#### REQUIRED WORK
Transcribe all data verbatim. Skip the pictures.

#### DATA EXCERPT
=== Begin Enclosure ===

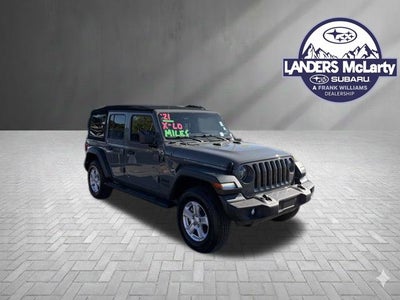 2021 Jeep Wrangler Unlimited Sport S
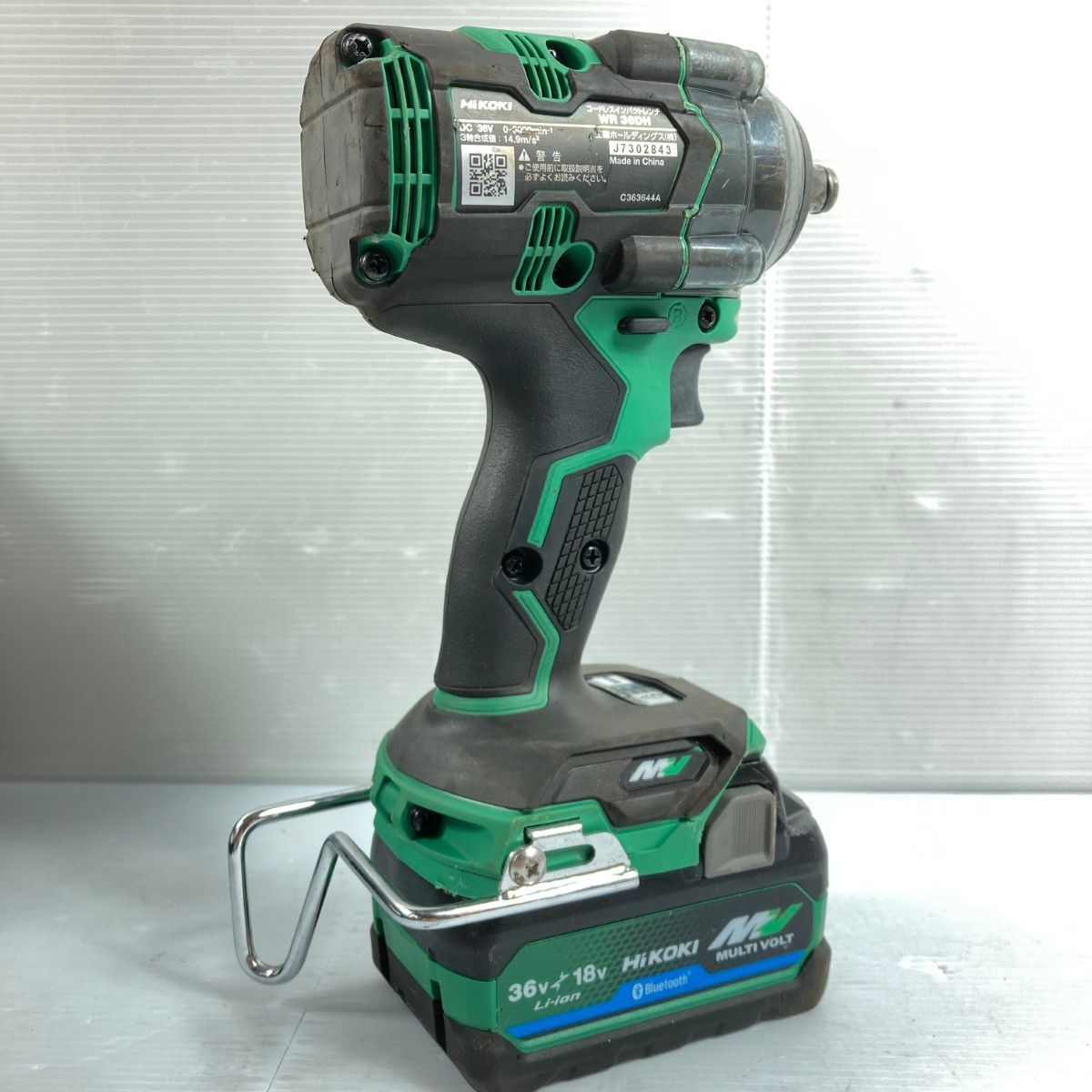 コードレスインパクトレンチ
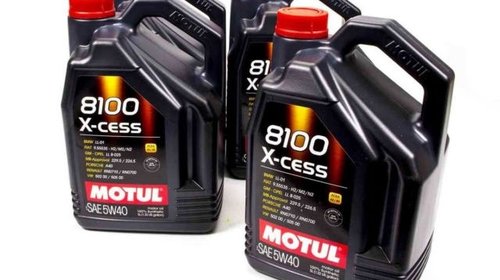 Ulei Motul 5W40 - 5L - Lichidare stoc - !!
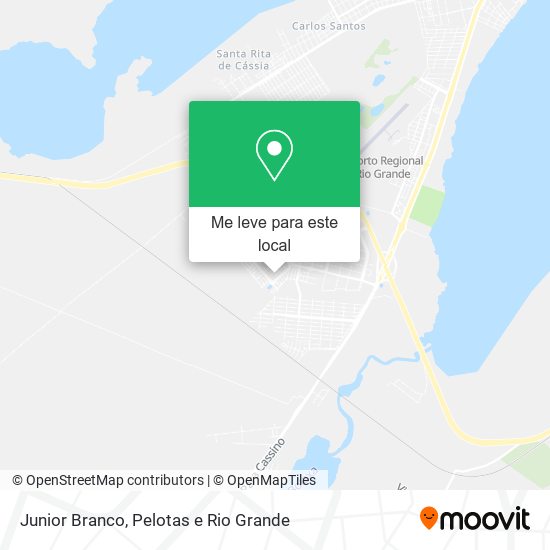 Junior Branco mapa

=== End Enclosure ===

#### EXERCISE RESULT
 2021 Jeep Wrangler Unlimited Sport S
 コードレスインパクトレンチ
 Ulei Motul 5W40 - 5L - Lichidare stoc - !!
 Junior Branco mapa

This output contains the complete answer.